110 W. New York Ave.
DeLand, FL 32720
By Lynn Bowen
posted Jul 22, 2013 - 7:54:01am
A beautiful, 8-inch-long European starling with spectacular white dots all over him was gathering nesting material in DeLand in March. The 2.9-ounce bird was stocky, with a short, square tail and pointed wings, pink legs, and a yellow bill. Usually at that time of year, the bill is dark gray.
Please note that my photo shows this feathered friend with a yellow bill, which meant that he was getting ready for mating time. Usually a yellow bill on a European starling is part of the fall plumage for these birds. In the summer, they look completely different: The dots vanish, the plumage becomes a glossy black with iridescent greens and purples, and, as I mentioned, the bill turns yellow.
European starlings nest in any cavity, including openings in man-made structures like birdhouses or church steeples, or in abandoned woodpecker nests or the crevices of houses. These aggressive birds sometimes fight with smaller birds such as sparrows, seeking to use the smaller birds' nest. They usually just refuse to build nests of their own!
European starlings are native to Europe and Asia, and flourish whenever introduced to other countries, including Canada, the United States, and even Australia. They were brought to North America in the 1890s. They are found in towns, parking lots, lawns and fields, searching endlessly for their diet of invertebrates, seeds and fruit.

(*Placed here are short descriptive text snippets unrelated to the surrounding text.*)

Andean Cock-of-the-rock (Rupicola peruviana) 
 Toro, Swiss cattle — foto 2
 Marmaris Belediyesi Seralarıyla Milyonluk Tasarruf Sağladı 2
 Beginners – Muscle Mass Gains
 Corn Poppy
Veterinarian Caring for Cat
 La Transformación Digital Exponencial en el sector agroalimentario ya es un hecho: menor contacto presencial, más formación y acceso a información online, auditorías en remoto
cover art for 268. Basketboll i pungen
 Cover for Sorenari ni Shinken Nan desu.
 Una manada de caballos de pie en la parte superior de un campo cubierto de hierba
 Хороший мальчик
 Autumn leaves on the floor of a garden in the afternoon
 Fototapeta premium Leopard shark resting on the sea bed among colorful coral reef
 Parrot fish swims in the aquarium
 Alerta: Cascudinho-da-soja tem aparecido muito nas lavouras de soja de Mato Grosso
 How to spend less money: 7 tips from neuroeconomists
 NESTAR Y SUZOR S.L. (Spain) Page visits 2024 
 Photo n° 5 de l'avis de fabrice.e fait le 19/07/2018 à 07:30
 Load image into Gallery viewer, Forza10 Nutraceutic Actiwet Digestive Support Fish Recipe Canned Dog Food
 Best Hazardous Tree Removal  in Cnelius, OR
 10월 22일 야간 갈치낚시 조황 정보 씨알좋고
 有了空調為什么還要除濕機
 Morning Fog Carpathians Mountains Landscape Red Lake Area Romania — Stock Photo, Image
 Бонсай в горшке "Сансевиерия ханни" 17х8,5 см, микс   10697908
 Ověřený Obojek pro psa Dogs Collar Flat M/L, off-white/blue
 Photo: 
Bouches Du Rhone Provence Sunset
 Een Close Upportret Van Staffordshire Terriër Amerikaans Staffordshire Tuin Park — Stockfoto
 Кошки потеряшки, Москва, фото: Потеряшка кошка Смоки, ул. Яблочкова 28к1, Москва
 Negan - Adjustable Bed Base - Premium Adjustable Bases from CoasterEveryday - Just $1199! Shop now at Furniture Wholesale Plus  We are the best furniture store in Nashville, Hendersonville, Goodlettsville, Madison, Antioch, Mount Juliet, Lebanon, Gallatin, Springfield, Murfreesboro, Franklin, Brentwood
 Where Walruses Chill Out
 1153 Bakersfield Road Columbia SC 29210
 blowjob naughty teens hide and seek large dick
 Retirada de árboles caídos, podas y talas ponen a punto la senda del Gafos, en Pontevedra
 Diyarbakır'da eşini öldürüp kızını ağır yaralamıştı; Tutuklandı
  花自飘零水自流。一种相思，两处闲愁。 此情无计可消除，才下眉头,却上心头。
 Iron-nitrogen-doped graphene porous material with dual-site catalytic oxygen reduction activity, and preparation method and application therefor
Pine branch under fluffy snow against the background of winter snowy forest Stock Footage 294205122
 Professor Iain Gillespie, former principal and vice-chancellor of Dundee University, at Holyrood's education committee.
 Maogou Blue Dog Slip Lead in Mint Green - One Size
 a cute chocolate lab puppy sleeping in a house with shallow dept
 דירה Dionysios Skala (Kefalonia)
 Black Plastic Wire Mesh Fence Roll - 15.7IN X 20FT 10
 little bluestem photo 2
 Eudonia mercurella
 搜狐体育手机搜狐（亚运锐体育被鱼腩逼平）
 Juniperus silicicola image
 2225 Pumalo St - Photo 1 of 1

Starlings are messy and loud, with a harsh, high, thin whistle, yet they can also imitate other birds' calls. They're unpopular with many people. I do understand why farmers and orchard owners are devastated when these birds gobble up their grain and fruit, thereby causing financial chaos. They not only eat corn and other crops, but they also dig up seeds in the fields.
It's hard to believe these pretty birds can be so destructive. Cherry trees and strawberry patches are among their favorite places to dine. A huge flock of starlings can pick an area clean in just 15 minutes. Oh my, those folks in the 1890s should have left them in their original habitat!
These hardy, interesting birds are here now and do what their instincts dictate. On the plus side, their short, pointed wings make them look like a four-pointed star when they're in flight, and that's how they earned their name!